- Exercise goal
Word for word, retype the lines from the one containing "Manny Mori, president" to the one containing "Sierra de Cinta" below, keeping both end lines and dropping the pictures.

- Record excerpts
===

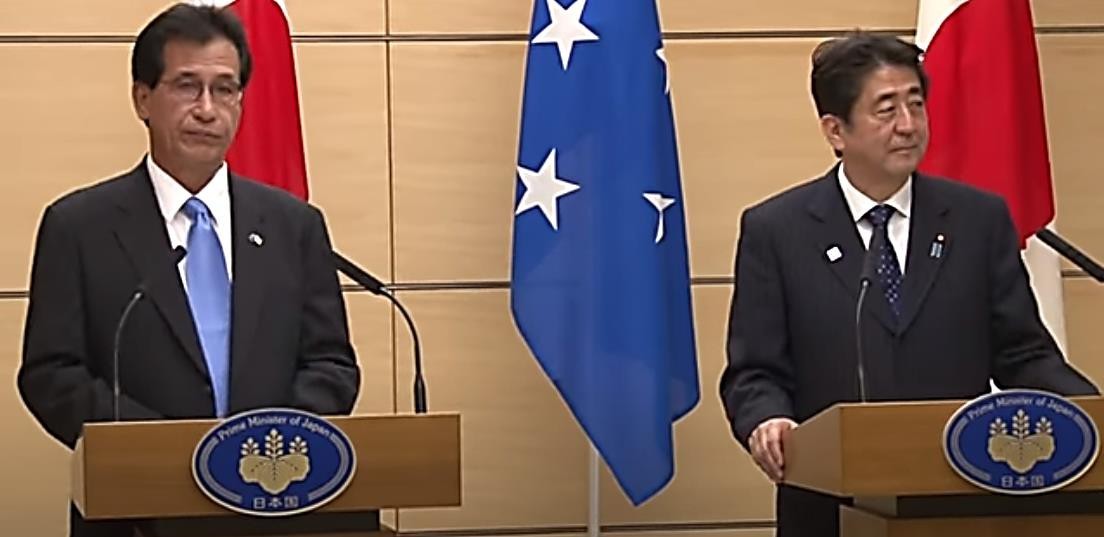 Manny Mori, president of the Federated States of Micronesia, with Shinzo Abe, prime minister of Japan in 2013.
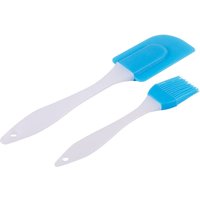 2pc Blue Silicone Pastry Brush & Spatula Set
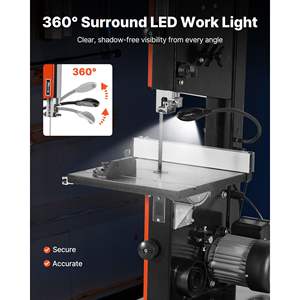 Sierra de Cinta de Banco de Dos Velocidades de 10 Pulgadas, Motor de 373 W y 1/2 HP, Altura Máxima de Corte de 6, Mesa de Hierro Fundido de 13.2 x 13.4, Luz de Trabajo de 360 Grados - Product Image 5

===

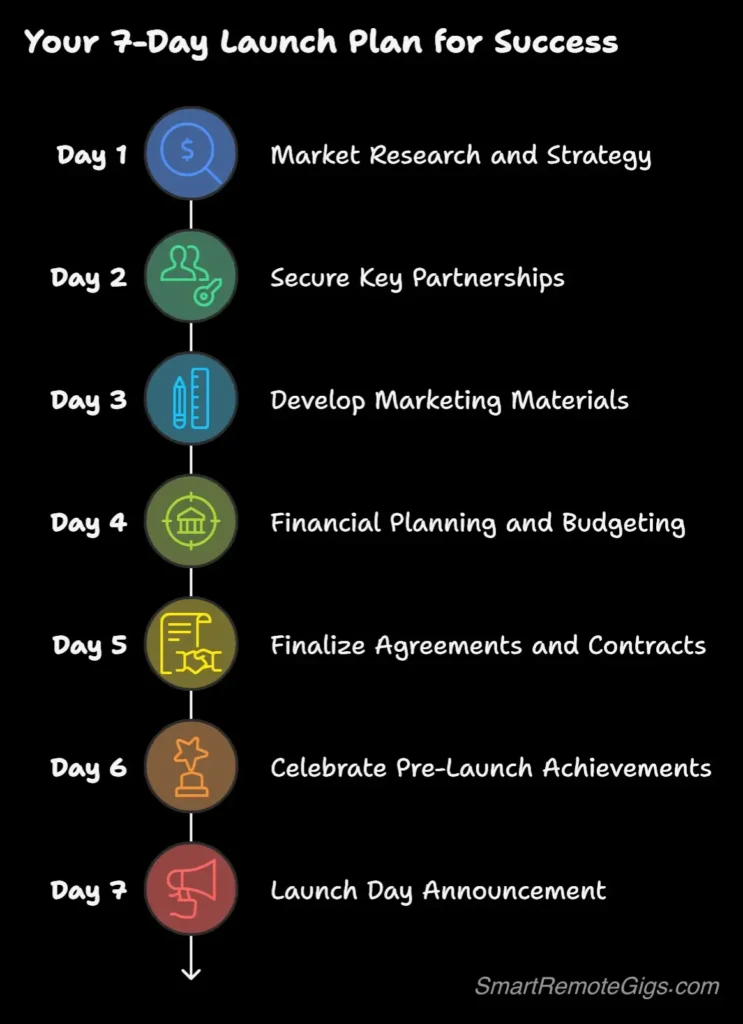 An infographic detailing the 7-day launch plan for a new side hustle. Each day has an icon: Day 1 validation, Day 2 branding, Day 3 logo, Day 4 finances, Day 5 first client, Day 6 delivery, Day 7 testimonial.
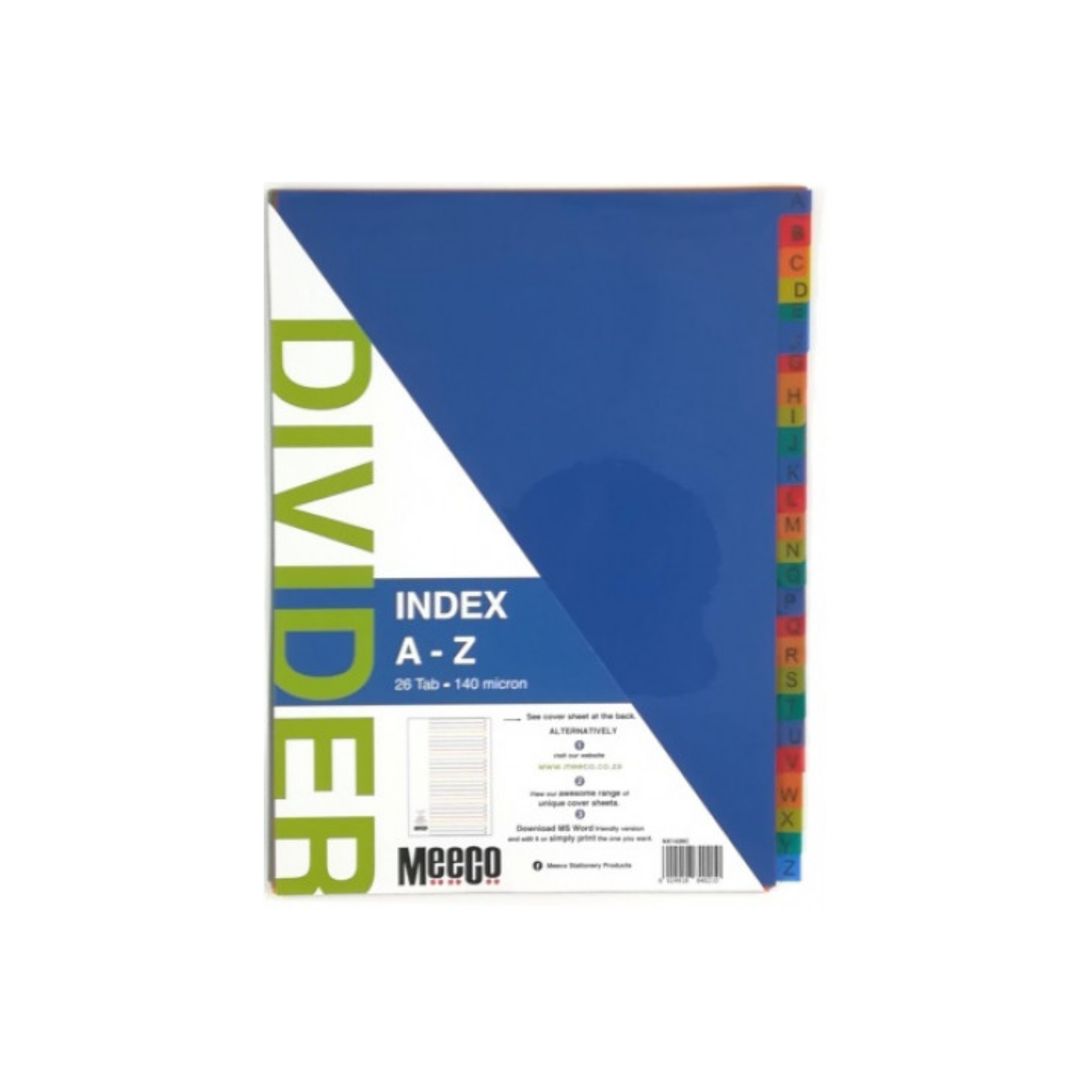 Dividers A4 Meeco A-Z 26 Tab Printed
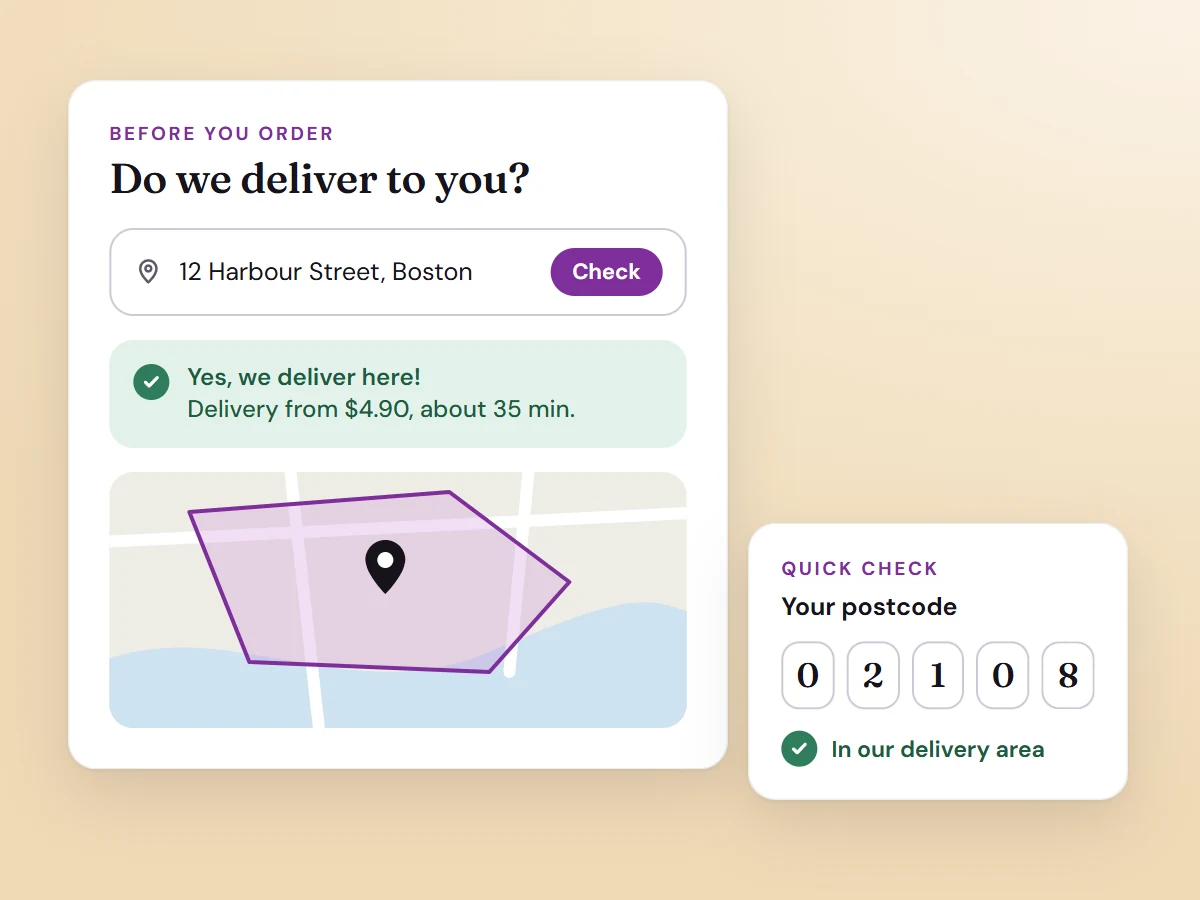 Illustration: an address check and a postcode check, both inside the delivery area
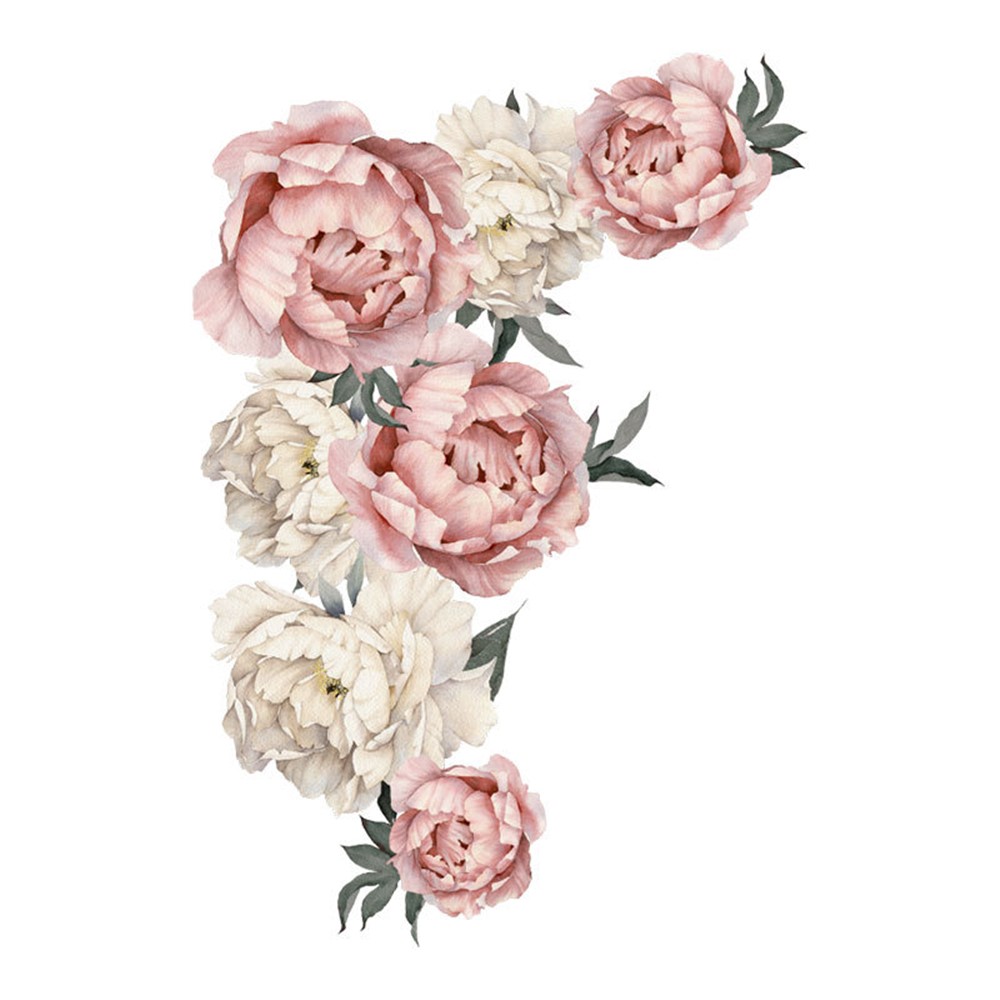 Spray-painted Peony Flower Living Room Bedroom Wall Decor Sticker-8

===

- Output
 Manny Mori, president of the Federated States of Micronesia, with Shinzo Abe, prime minister of Japan in 2013.
 2pc Blue Silicone Pastry Brush & Spatula Set
 Sierra de Cinta de Banco de Dos Velocidades de 10 Pulgadas, Motor de 373 W y 1/2 HP, Altura Máxima de Corte de 6, Mesa de Hierro Fundido de 13.2 x 13.4, Luz de Trabajo de 360 Grados - Product Image 5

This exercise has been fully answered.